首相は、複数の与党幹部に対し、経済対策の裏付けとなる2023年度補正予算案の早期成立や経済対策の実施に「集中したい」との考えを伝えた。
今月下旬が見込まれる補正の成立後、すぐに解散する余地も残されているが、首相は国民の関心は物価高問題への対応にあり、解散で政治空白を生じさせることは理解を得られないとの判断に傾いた。政権浮揚を狙った所得税などの減税が評価されていないことも考慮したとみられる。
首相は2日の記者会見では、衆院解散に関し、「今は先送りできない課題に一意専心に取り組む」と強調していた。
窮屈な政治日程も首相の見送り判断を後押ししたようだ。首相は11月末から、アラブ首長国連邦(UAE)で開かれる「国連気候変動枠組み条約第28回締約国会議(COP28)」への出席を検討している。
11月末以降の解散の場合、12月17日か同24日の投開票が有力となるが、同16~18日には、日本と東南アジア諸国連合(ASEAN)の特別首脳会議が東京で開かれる。首相は会議に合わせ、アジア地域の脱炭素化を進める「アジア・ゼロエミッション共同体」(AZEC)の首脳会合も行う予定だ。
この時期に選挙も行えば、24年度予算の年内編成が困難になり、経済最優先とする政権の姿勢との整合性が問われかねない。

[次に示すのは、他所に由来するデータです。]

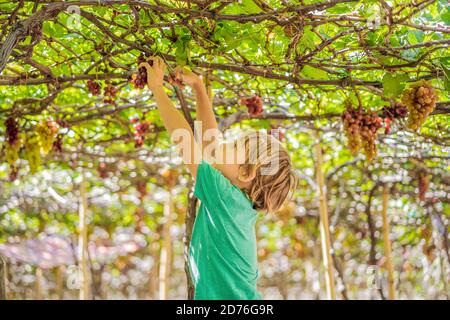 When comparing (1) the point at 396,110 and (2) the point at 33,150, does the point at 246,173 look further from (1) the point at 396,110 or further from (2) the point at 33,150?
(2) the point at 33,150

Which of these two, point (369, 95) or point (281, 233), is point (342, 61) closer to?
point (369, 95)

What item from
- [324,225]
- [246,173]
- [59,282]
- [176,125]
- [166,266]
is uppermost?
[176,125]

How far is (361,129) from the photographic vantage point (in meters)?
2.55

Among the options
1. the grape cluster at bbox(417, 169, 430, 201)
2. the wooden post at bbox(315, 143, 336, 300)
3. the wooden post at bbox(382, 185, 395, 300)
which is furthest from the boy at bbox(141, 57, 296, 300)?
the wooden post at bbox(382, 185, 395, 300)

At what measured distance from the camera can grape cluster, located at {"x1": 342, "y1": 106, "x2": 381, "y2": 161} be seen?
2.53 metres

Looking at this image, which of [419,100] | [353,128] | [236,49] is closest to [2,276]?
[236,49]

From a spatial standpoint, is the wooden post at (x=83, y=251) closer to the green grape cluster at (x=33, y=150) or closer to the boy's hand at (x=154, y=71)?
the green grape cluster at (x=33, y=150)

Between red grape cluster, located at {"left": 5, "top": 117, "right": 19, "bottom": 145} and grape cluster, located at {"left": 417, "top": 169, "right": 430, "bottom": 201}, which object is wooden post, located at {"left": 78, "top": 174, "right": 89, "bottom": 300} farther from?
grape cluster, located at {"left": 417, "top": 169, "right": 430, "bottom": 201}

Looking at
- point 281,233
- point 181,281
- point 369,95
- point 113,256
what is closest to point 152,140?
point 369,95

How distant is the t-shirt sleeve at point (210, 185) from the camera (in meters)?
1.89

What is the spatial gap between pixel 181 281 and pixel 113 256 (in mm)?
1144

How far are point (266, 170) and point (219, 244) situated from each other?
11.6 inches

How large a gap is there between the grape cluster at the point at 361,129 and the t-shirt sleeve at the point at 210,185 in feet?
2.61

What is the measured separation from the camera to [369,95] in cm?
295
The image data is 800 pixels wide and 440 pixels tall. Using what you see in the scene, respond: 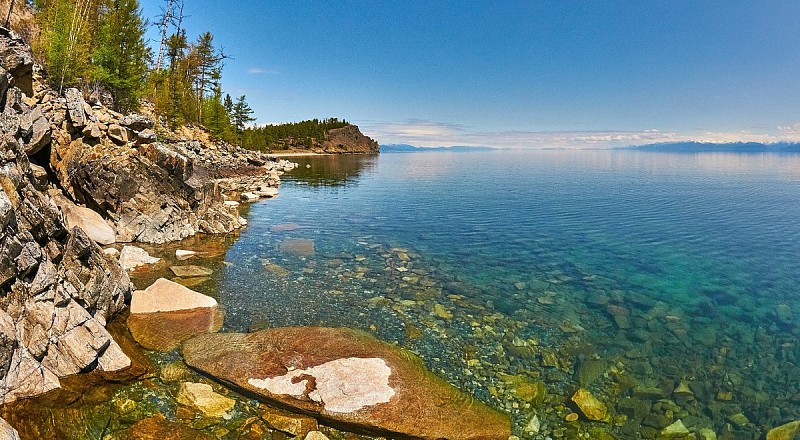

今後の解散のタイミングとしては、24年度予算の成立後の来春以降が有力な選択肢となる。自民党内では、「支持率回復には相当の時間が必要だ」との見方が多い。首相は賃上げを実現したうえで、再選を期す総裁選前に衆院選で勝利し、総裁選を無風で乗り切る戦略を軸に、解散時期を見極める意向だ。現在の衆院議員は25年10月30日に任期満了を迎える。